Avant le national (par la littérature) donc, en France et dans l'empire culturel français (le "français" alors, comme force tout à fait transnationale. Et qui a plus à voir avec une classe et un mode de socialité - les cours européennes, et les espaces des Lettres [en Angleterre elles s'appelles Belles-Lettres en anglais dans le texte] -, qui coupe à travers une épaisseur sociale, qu'avec une nationalité, qui couperait dans la dimension géo-politique) : le classique, l'esprit, le goût, l'aristocratisme, la culture comme policé et raffinement - la civilisation (contre la culture les cultures, schème allemand).

. autre question présente : dans "le classique" comme plan insécable avec le national, il y a aussi l'oblitération de la dimension qu'impose "le national" : une corrélation nécessaire entre national et populaire. Taine regrette l'absence, dans le "gaulois", d'un continu perceptible entre les grands auteurs et le public national, en regardant avec envie les filles d'auberge allemandes lire Schiller (...). Ni Racine, ni La Bruyère - peut-être Rabelais, Molière, La Fontaine donc.

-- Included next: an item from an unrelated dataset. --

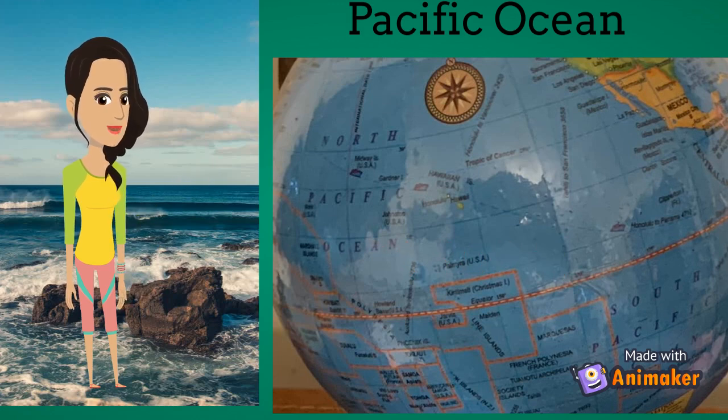There was a Portuguese explorer named Ferdinand Magellan, who named this ocean the Mar Pacifico, meaning peaceful sea in Portuguese. The largest island here is New Guinea.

. de même : assis douloureusement sur ce constat de "carence" (dit Espagne) du national, Taine développe compensatoirement vers le social.

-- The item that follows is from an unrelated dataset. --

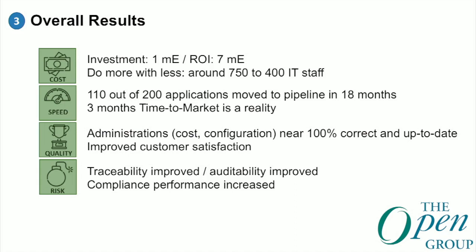What is the overall result until now? Our staff was reduced from 750 people in 2015 to 400 now — almost more than 50% — which was a real challenge and journey. We uploaded more than 110 applications into the pipeline, which has a direct effect on time to market — our time to market is now really three months, so we can update our environment very fast. Our administration is more up to date, we know exactly what data is present and its reliability, and we can now prove we are compliant in our environment.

classique-esprit-lettres-civilisation (et conservatisme : la Révolution ne l'a pas bousculé),
national-culture-littérature-populaire,
social, et études d'une "rationalité sociale" (269) - recherche des "lois" ; méthodologie "réaliste et scientifique" ; recherche d'une philosophie de l'histoire.

. Bien sûr, enfin : passer par la littérature anglaise, et avant ça par la philosophie (et méthode philologique) allemande pour explorer l'inquiétude existentielle autour de la littérature nationale/française, "puisqu'il n'y en a pas".
Cf GD : c'est l'autre qui a mon accent. C'est la littérature étrangère qui a ma littérature nationale. On peut vivre ça, comme théoricien et clerc, douloureusement - la douleur étant un mode du problématique. Poor Taine.
Le singulier est que son modèle théorique - der kein ist - se soit institué comme mode national des études littéraires en cours de disciplinarisation, avec Lanson comme Tweedledum. Théorie du milieu littéraire.